Top of DATASET SECTION

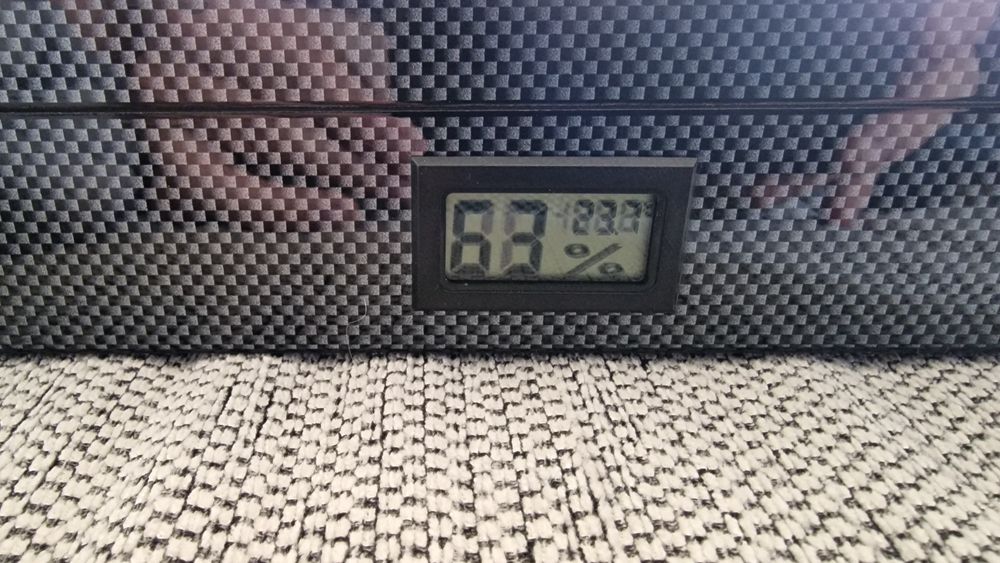 Кутия за пури с дигитален термометър и влагомер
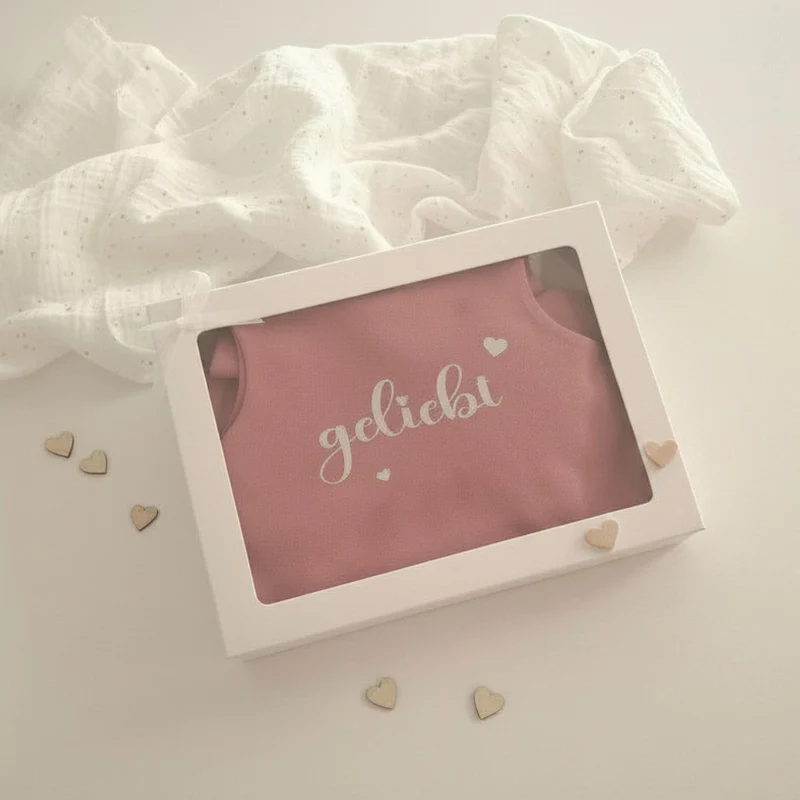 STRAMPLER "geliebt" in Glitzerschrift altrosa - Geschenkbox
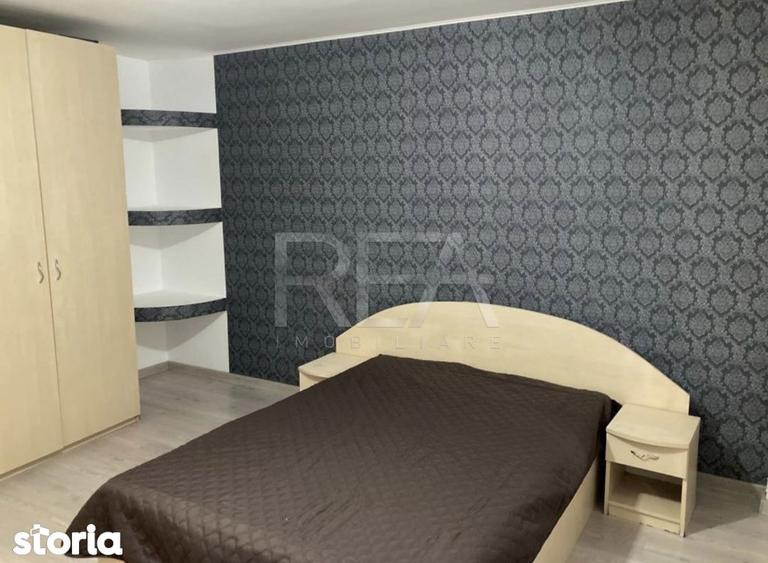 Apartament cu 3 camere semidecomandat, mobilat în 13 Septembrie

Bottom of DATASET SECTION

**WORK REQUIRED**
Skip every picture and transcribe the data above exactly.

**RESULT OF THIS EXERCISE**
 Кутия за пури с дигитален термометър и влагомер
 STRAMPLER "geliebt" in Glitzerschrift altrosa - Geschenkbox
 Apartament cu 3 camere semidecomandat, mobilat în 13 Septembrie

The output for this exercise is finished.